By Eduardo Preciado
The East Los Angeles College Symphonic Band Concert, held last Friday at the S2 Recital Hall, recognized classic music pieces and provided the listener with familiar images.
Despite the performance being delayed by half an hour and no guest performers, the concert still had a great turnout. The last piece of music that the band played was one that most “V for Vendetta” fans would recognize, P.I. Tchaikovsky’s “1812 Overture.” This specific piece was written to celebrate the anniversary of Russia’s victory over France in 1812.
The band played a much shorter version of this piece that opened with the violins, followed by the wind and brass instruments. The band had good control of volume lowering and raising their notes like a wave of beautiful sounds and although it was a shorter version, the band did a wonderful job.

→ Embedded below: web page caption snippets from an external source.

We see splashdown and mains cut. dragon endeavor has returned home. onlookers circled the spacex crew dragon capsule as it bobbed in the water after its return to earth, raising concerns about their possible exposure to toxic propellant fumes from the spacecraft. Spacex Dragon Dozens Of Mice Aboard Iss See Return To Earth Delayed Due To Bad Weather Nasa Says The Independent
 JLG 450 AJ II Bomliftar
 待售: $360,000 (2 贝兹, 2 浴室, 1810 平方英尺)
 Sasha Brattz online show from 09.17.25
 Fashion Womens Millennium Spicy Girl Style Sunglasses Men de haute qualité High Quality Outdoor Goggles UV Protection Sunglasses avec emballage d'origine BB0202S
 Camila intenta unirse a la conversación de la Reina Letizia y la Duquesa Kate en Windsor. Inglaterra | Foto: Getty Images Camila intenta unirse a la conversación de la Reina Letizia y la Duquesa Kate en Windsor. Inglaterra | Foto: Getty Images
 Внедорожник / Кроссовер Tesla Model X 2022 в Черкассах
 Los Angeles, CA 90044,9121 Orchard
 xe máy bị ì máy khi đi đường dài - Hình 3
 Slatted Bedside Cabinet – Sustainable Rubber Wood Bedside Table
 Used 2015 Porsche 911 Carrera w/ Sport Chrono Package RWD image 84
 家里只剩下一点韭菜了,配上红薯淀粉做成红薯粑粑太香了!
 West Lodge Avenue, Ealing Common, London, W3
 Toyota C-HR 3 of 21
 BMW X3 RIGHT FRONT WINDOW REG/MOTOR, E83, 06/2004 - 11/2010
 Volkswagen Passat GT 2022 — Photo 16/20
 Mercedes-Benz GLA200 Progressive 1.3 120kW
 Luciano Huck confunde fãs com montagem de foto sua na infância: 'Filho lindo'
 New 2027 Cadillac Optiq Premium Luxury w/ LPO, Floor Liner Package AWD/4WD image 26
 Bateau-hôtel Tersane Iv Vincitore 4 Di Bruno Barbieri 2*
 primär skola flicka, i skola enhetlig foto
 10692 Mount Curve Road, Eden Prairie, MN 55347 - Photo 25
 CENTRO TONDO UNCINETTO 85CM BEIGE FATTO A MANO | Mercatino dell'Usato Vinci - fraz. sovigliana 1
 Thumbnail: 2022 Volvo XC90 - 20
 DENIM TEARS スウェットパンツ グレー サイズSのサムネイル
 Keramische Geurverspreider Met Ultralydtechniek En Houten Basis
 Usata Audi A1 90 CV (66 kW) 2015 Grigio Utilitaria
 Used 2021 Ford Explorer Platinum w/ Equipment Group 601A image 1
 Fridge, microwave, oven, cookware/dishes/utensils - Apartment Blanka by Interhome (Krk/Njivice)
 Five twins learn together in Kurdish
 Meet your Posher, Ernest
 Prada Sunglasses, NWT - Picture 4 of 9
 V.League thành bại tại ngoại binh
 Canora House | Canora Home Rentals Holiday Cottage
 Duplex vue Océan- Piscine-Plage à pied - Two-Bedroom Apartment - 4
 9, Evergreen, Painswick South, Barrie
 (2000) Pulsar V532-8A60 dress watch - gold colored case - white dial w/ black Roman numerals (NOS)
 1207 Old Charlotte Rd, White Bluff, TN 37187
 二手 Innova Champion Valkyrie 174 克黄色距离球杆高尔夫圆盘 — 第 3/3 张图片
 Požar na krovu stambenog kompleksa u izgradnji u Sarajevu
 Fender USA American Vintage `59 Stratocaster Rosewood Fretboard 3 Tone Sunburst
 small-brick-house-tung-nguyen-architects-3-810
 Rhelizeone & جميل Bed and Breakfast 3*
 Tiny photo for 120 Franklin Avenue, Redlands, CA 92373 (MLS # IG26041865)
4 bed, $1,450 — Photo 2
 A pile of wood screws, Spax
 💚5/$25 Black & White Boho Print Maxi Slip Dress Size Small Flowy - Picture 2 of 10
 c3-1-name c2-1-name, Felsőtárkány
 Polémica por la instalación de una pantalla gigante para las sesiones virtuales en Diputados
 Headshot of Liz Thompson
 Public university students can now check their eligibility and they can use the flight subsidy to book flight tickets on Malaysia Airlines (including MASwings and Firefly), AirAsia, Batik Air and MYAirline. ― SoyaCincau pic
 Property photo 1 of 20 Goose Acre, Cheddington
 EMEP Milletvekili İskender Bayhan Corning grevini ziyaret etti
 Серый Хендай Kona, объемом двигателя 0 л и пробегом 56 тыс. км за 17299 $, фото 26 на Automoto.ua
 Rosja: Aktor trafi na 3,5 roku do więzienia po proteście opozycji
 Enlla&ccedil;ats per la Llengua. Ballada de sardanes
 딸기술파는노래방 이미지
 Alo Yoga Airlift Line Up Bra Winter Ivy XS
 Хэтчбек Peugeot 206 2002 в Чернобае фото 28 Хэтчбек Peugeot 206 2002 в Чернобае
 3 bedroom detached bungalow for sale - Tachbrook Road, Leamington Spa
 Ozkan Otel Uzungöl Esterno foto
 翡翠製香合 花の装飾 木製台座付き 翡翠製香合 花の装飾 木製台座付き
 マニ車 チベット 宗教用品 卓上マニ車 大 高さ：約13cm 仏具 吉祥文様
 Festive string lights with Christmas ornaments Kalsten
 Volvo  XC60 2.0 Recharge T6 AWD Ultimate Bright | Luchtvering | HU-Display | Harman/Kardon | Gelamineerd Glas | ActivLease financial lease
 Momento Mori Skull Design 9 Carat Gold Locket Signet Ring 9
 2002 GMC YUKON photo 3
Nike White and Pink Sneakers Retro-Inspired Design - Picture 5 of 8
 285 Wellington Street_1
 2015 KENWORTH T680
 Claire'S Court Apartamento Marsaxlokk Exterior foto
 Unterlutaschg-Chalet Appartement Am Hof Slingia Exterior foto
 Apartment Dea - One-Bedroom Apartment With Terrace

Other symphonies played were Gary D. Ziek’s “Fanfare for a Celebration,”Larry Mac Taggart’s “Elegy for The U.S.S. Arizona,” a sad song compared to the rest that could have been better. It was difficult to enjoy this particular piece due to moments of sloppy volume control coming from the clarinets and horns. It was still an amazing piece written for the heroes of the U.S.S. Arizona that died on Pearl Harbor.
The band also played a marching band song,“The Lamb’s March” by John Philip Sousa. In addition, there was a piece that put a smile on everyone’s face, which was Karl L. King’s “Aces of the Air March.”
This song was the kind of music that is typically played in the circus. It was very fun, upbeat and when the audience heard it, they immediately thought of elephants, clowns, jugglers, acrobats in the ceiling and unicyclists. It was a fun song that brought positive energy to the room.
The band played a great selection of music and even though they only played five pieces, the concert was fairly short, but it was quite enjoyable.
The music department has a few more shows for anyone that is interested in attending in the near future. The next performance will be held in the S2 Building Recital Hall on May 31 and will be free of charge to all students.